At the inaugural Trade Finance Conference of Parties (TF COP) in Washington, DC, ITFA unveiled the Washington Declaration, a proposal calling on the United Nations (UN) to recognise the trade finance gap as a critical barrier to sustainable development.
The Asian Development Bank (ADB) estimates the global trade finance shortfall at $2.5 trillion – a chasm that effectively excludes millions of small businesses from international trade networks.
Sean Edwards, ITFA’s Chair, framed the issue beyond mere financial mechanics. “It’s about supply chain resilience, optimising resources, and creating social value, especially in less developed markets,” he explained.
The declaration sets an ambitious target: halving the global trade finance gap by 2030 and eliminating it completely by 2040. Collaboration between public and private sector stakeholders is essential to this end.
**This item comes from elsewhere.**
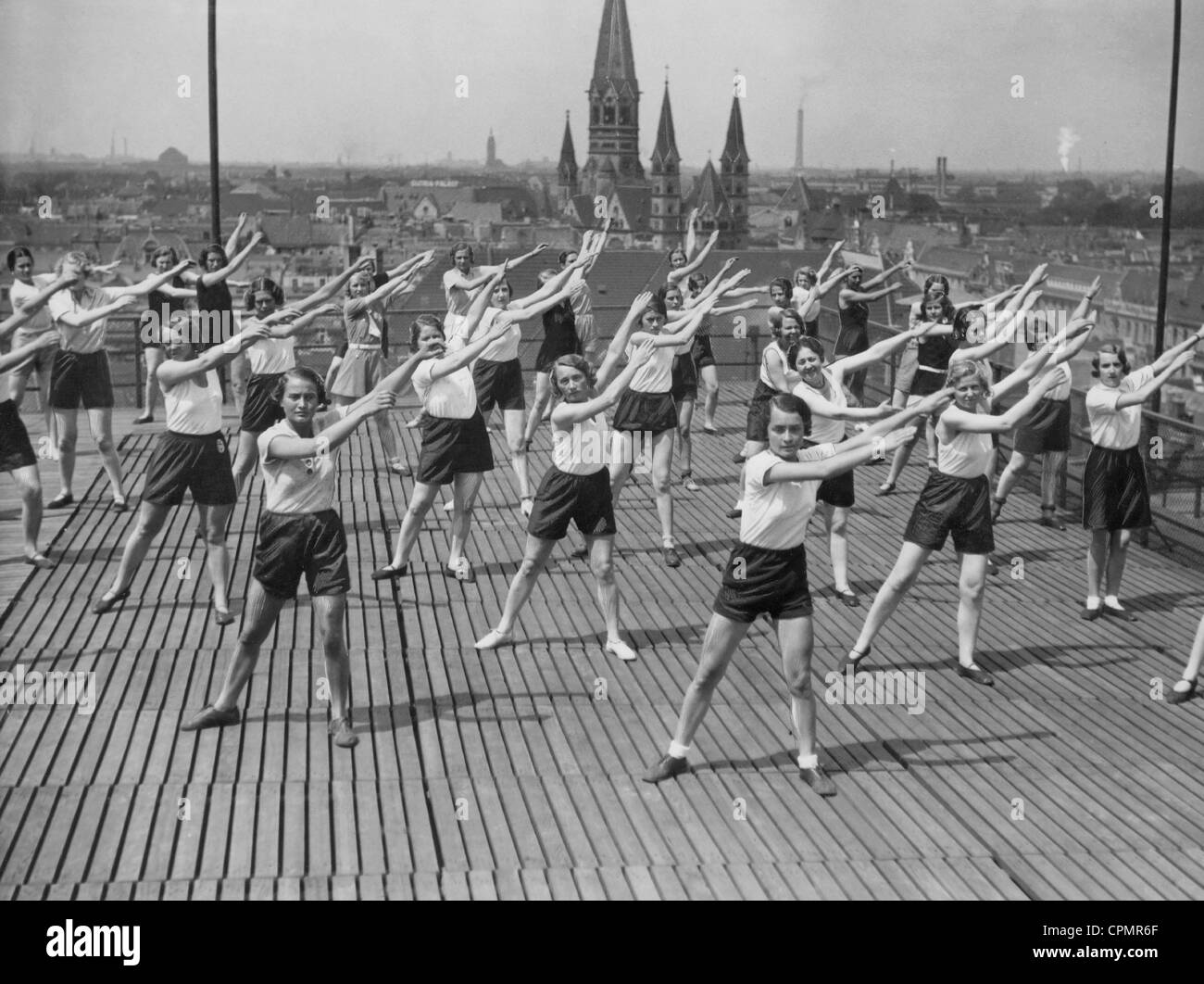 Exercices de gymnastique vendeuse & commerçante de Berlin, 1934 Banque D'Images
Nathalie Louat from the International Finance Corporation highlighted that “nearly half of trade finance requests from SMEs are rejected.”
“Trade finance can have a more profound impact on small businesses compared to traditional financing, yet the system continues to fail those who need support most,” she said.
The summit brought together over 80 participants from across the trade finance ecosystem, including development finance institutions, commercial banks, insurers, and technology firms. A key innovative proposal is the potential creation of trade finance gap bonds, similar to existing green and social bond frameworks.
The Washington Declaration explicitly links the trade finance gap to the UN Sustainable Development Goals, arguing that addressing this shortfall could significantly accelerate progress on poverty reduction, employment, and economic growth.